--- START ---

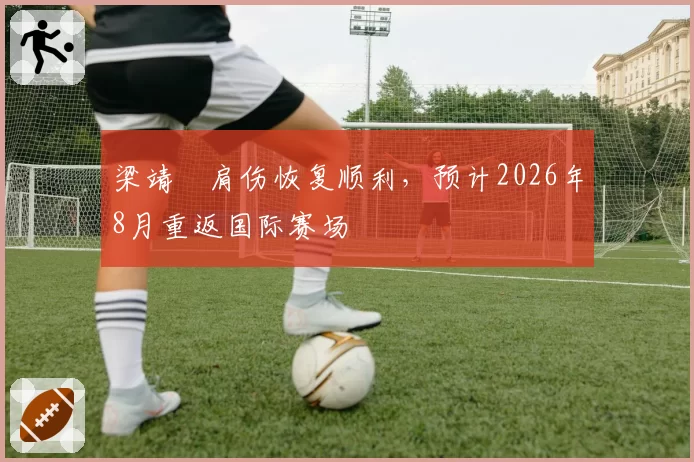梁靖崑肩伤恢复顺利,预计2026年8月重返国际赛场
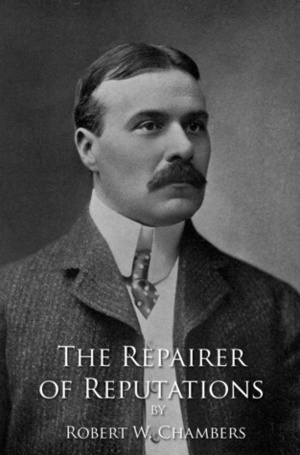 The Repairer of Reputations: Magical Antiquarian, a Weiser Books Collection by Robert W. Chambers, Lon Milo DuQuette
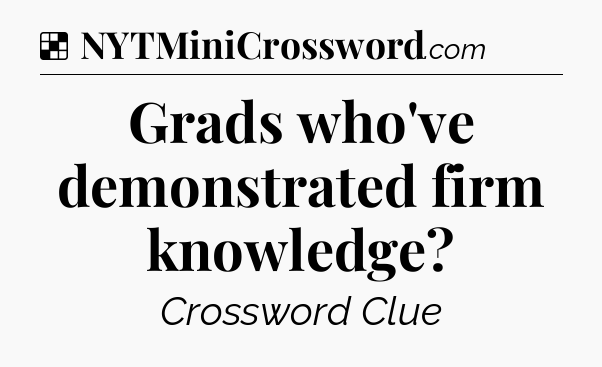 Solution: Grads who've demonstrated firm knowledge - NYT Crossword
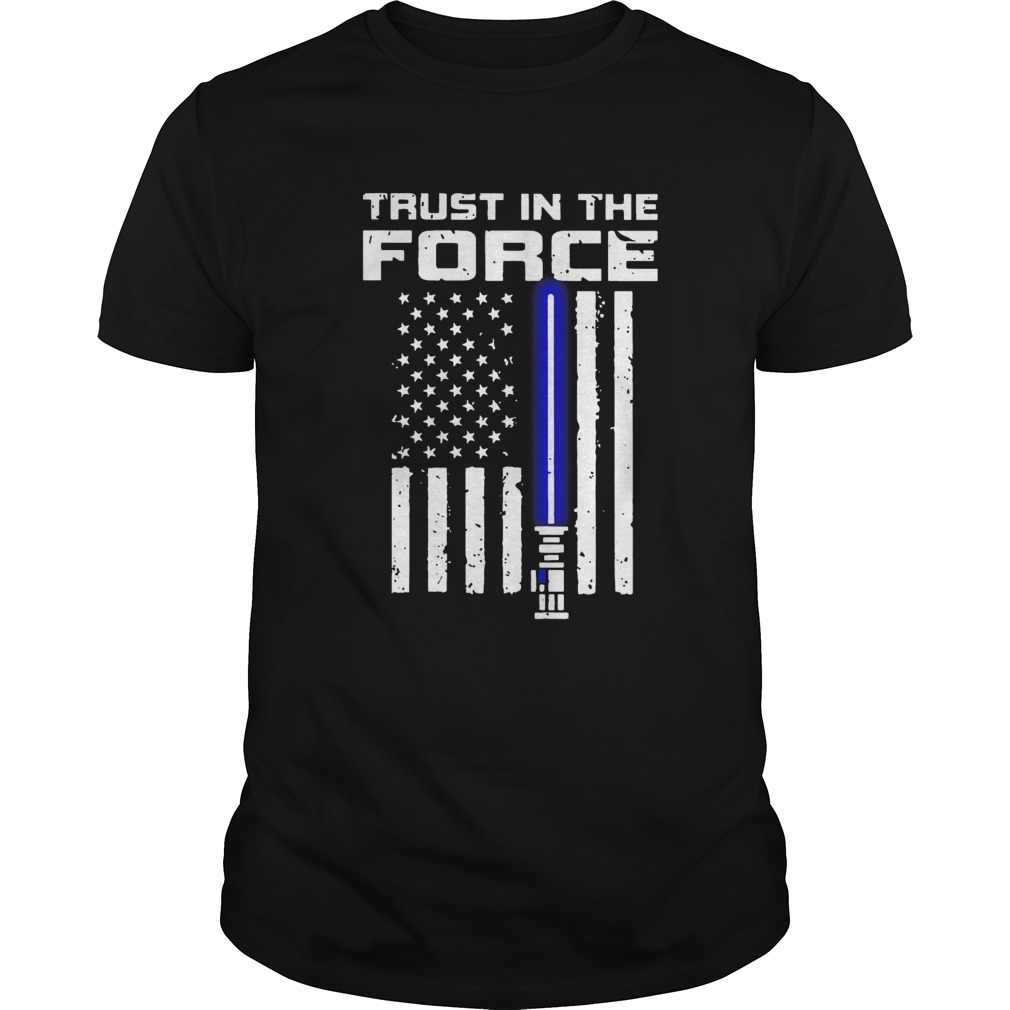 Trust In The Force American Blue Lightsaber Police Flag shirt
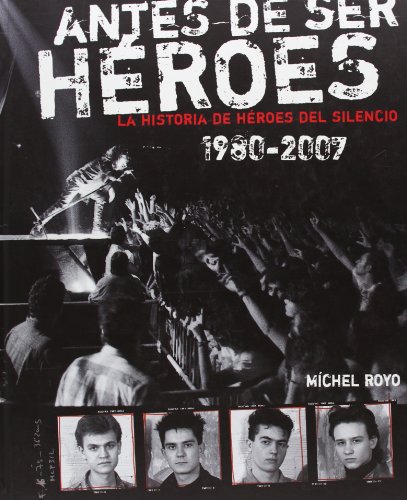 9788495490766: ANTES DE SER HEROES 1980-2007 (PDA EDITORIAL)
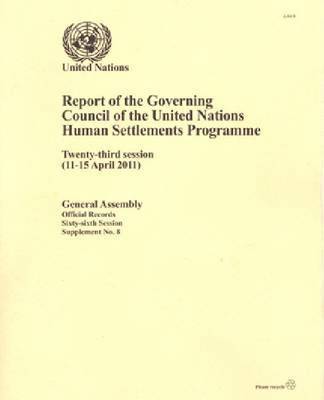 bokomslag Report of the Governing Council of the United Nations Human Settlements Programme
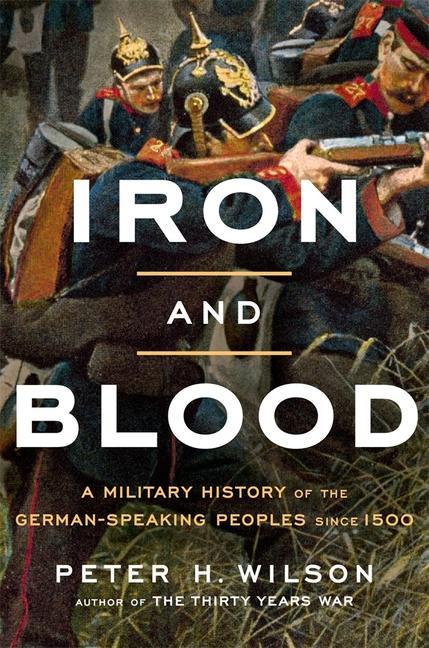 Książka Iron and Blood: A Military History of the German-Speaking Peoples Since 1500 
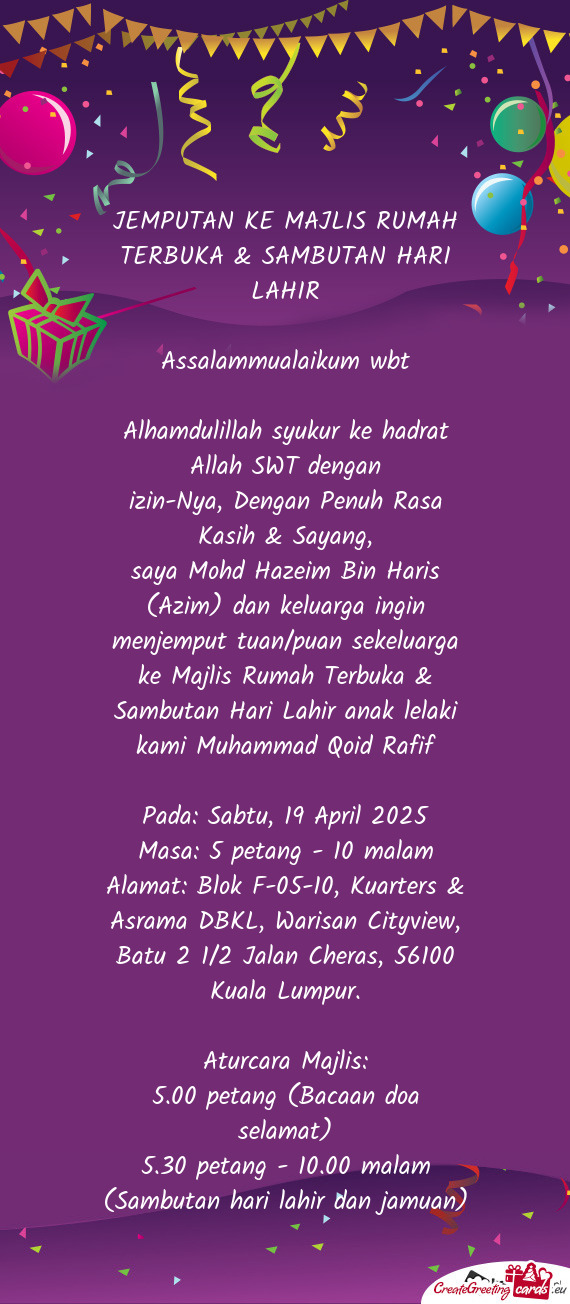 Saya Mohd Hazeim Bin Haris (Azim) dan keluarga ingin menjemput tuan/puan sekeluarga ke Majlis Rumah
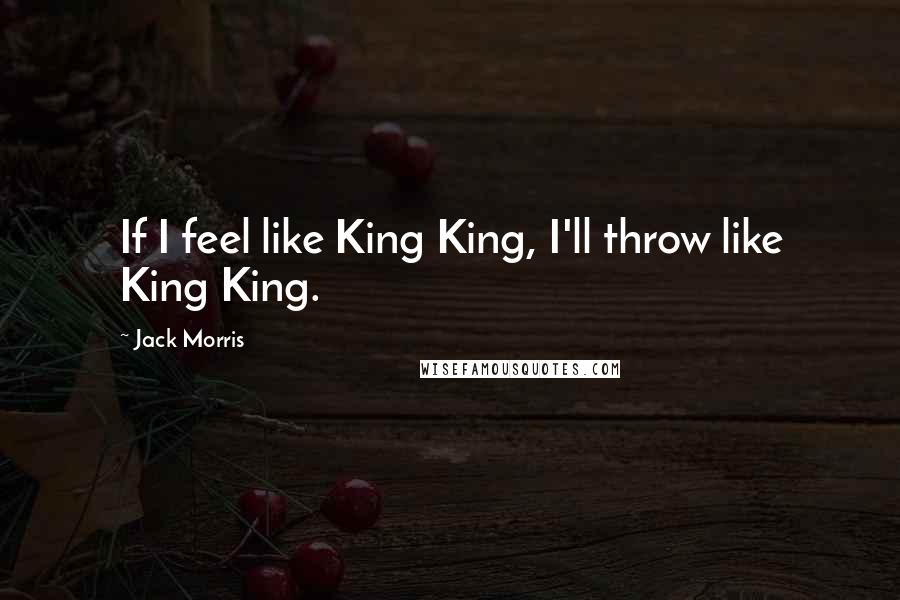 Jack Morris Quotes: If I feel like King King, I'll throw like King King.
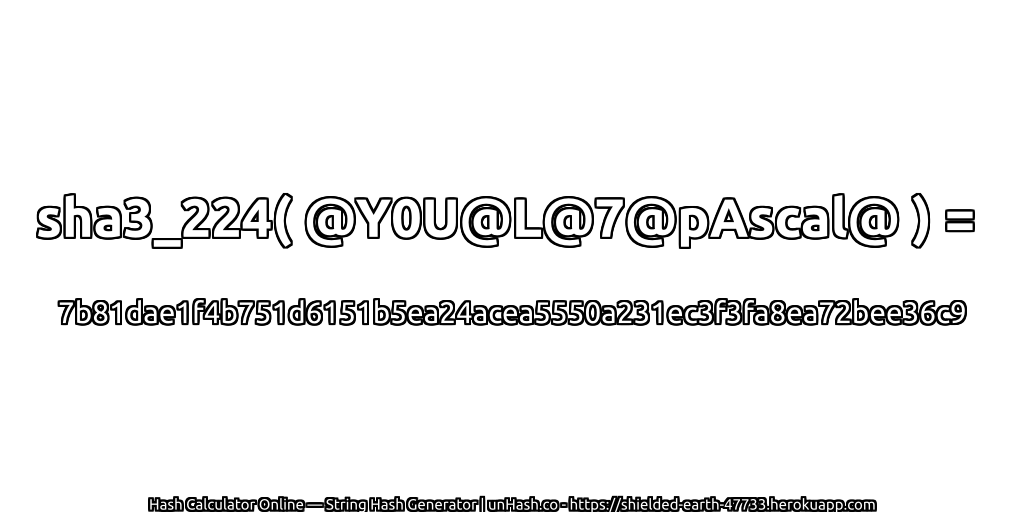 sha3_224( @Y0U@L@7@pAscal@ ) = 7b81dae1f4b751d6151b5ea24acea5550a231ec3f3fa8ea72bee36c9 | unHash.co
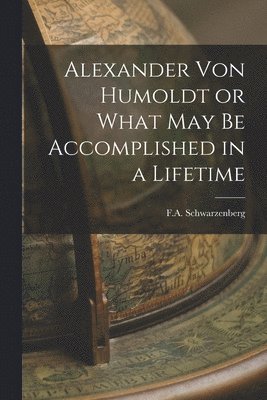 bokomslag Alexander Von Humoldt or What May Be Accomplished in a Lifetime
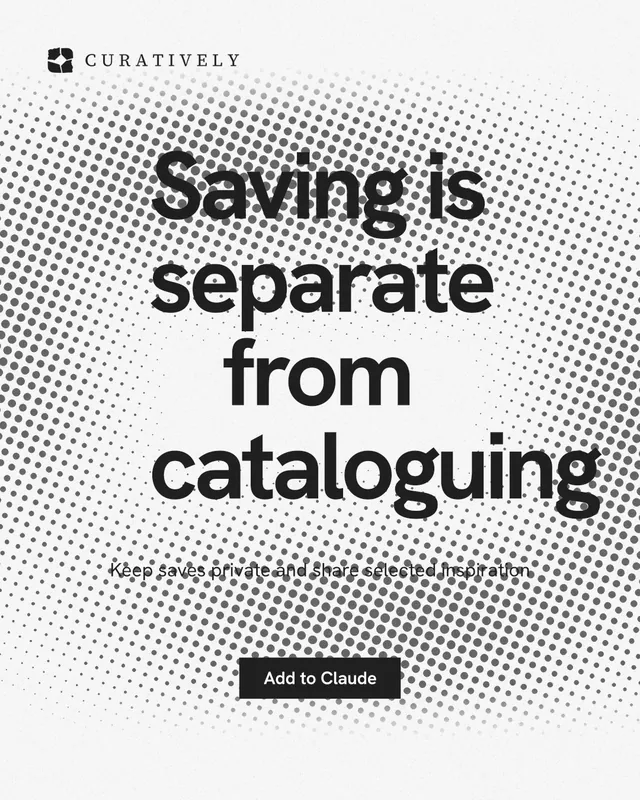 Instagram portrait post for Curatively: "Saving is separate from cataloguing". Swiss style, centred layout, light palette in white, grey.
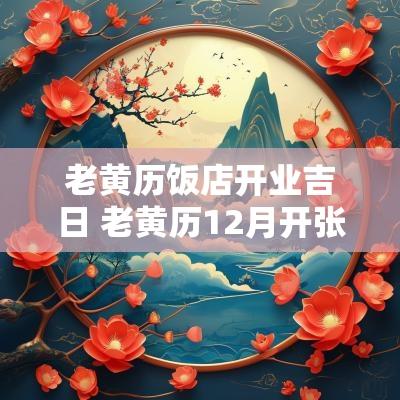 老黄历饭店开业吉日 老黄历12月开张吉日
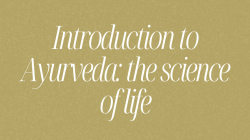Introduction to Ayurveda: The Science of Life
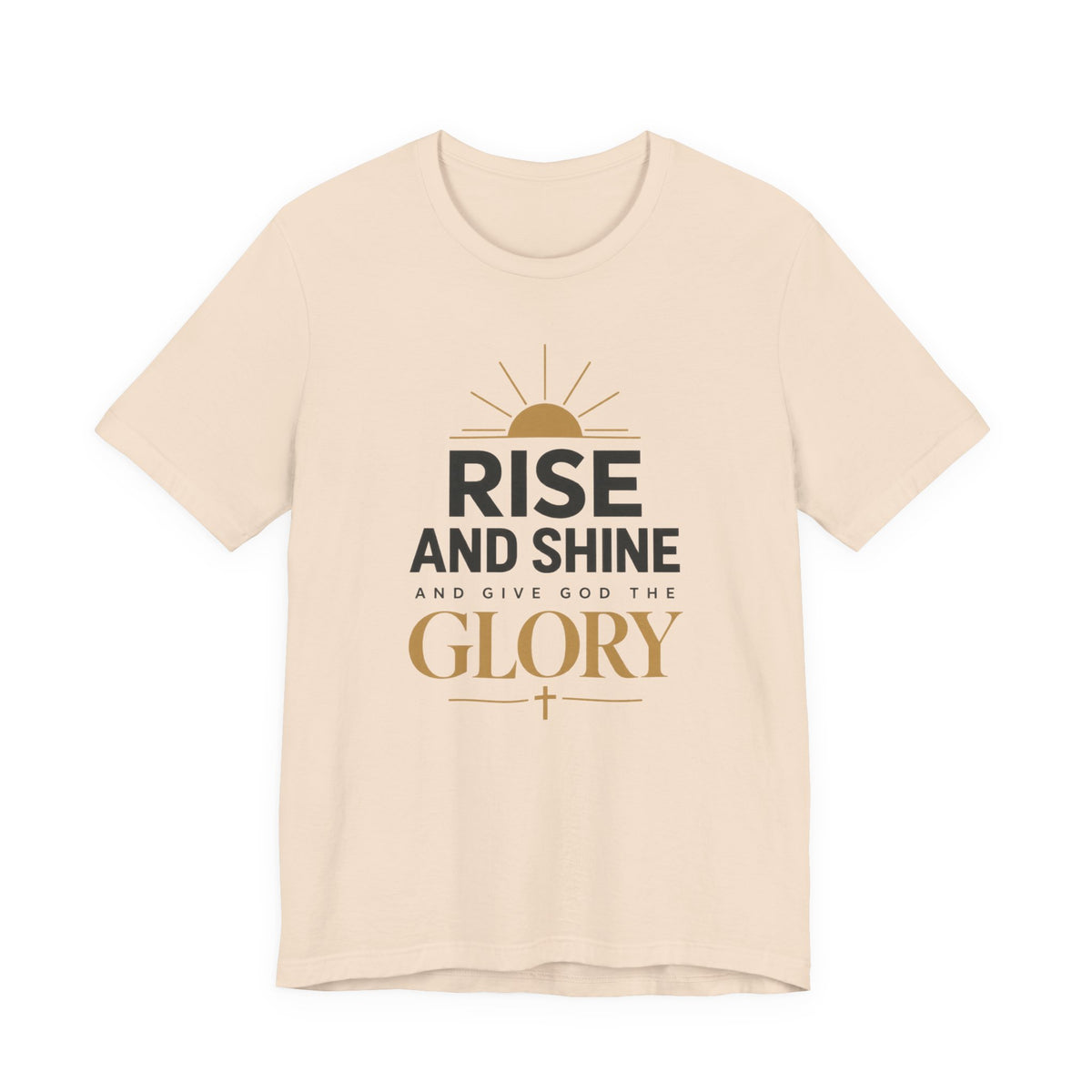 Rise and Shine Glory T shirt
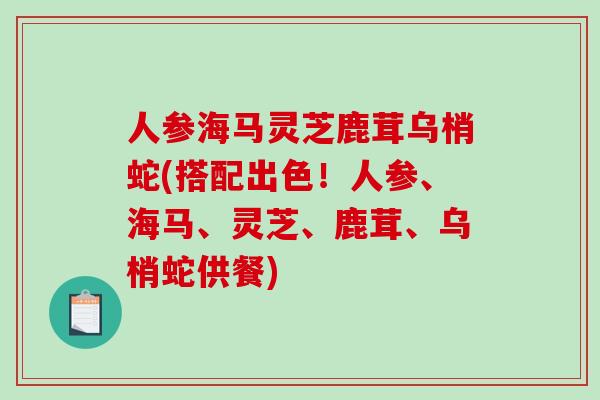 人参海马灵芝鹿茸乌梢蛇(搭配出色!人参、海马、灵芝、鹿茸、乌梢蛇供餐)-第1张图片-破壁灵芝孢子粉研究指南 人参海马灵芝鹿茸乌梢蛇(搭配出色!人参、海马、灵芝、鹿茸、乌梢蛇供餐)-第1张图片-破壁灵芝孢子粉研究指南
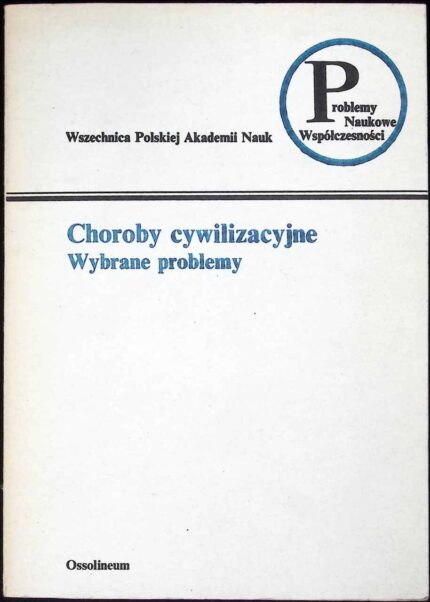 Choroby cywilizacyjne. Wybrane problemy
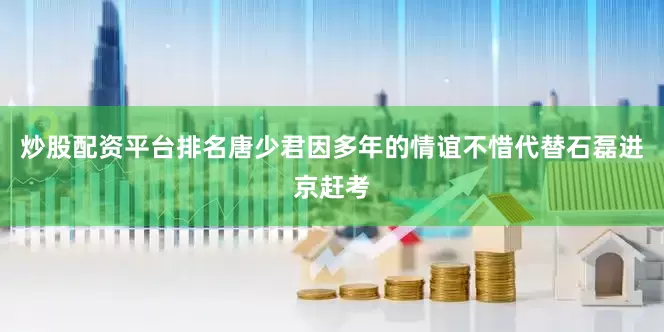 炒股配资平台排名唐少君因多年的情谊不惜代替石磊进京赶考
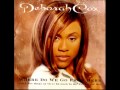 Deborah Cox - Where Do We Go From Here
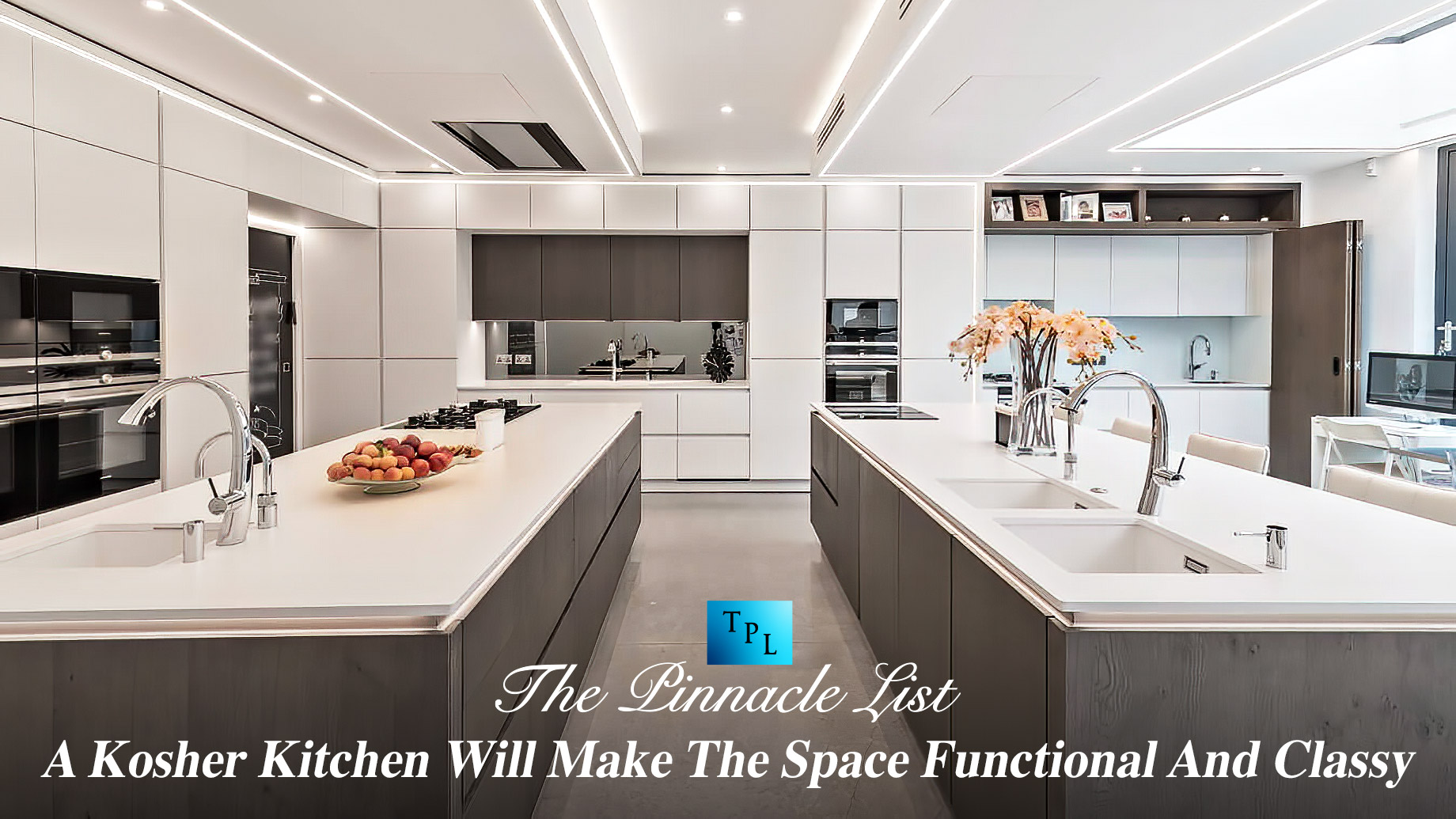 A Kosher Kitchen Will Make The Space Functional And Classy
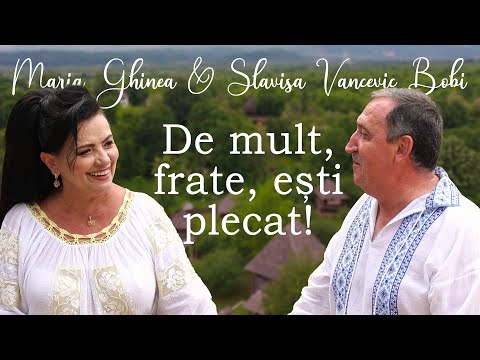 Maria Ghinea & Slavisa Vancevic Bobi - De mult, frate, ești plecat!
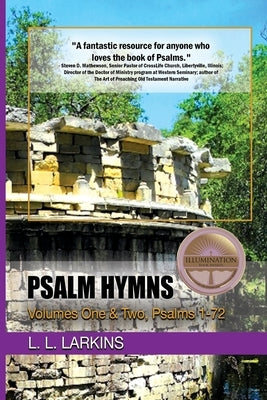 Psalm Hymns: Volumes One & Two, Psalms 1-72 by Larkins, L. L.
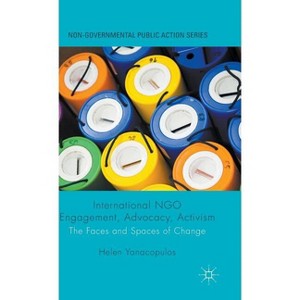 International Ngo Engagement, Advocacy, Activism - (Non-Governmental Public Action) by  Helen Yanacopulos (Hardcover) - 1 of 1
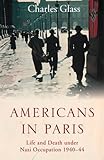 Americans In Paris Life And Death Under Nazi Occupation 194044 English Edition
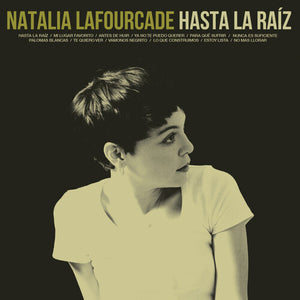 NATALIA LAFOURCADE | HASTA LA RA Z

--- END ---

> [BRIEF]: Give back exactly the lines from the top of the records to the line containing "bokomslag Report of", both included, and no pictures.

> [WRITTEN SOLUTION]:
梁靖崑肩伤恢复顺利,预计2026年8月重返国际赛场
 The Repairer of Reputations: Magical Antiquarian, a Weiser Books Collection by Robert W. Chambers, Lon Milo DuQuette
 Solution: Grads who've demonstrated firm knowledge - NYT Crossword
 Trust In The Force American Blue Lightsaber Police Flag shirt
 9788495490766: ANTES DE SER HEROES 1980-2007 (PDA EDITORIAL)
 bokomslag Report of the Governing Council of the United Nations Human Settlements Programme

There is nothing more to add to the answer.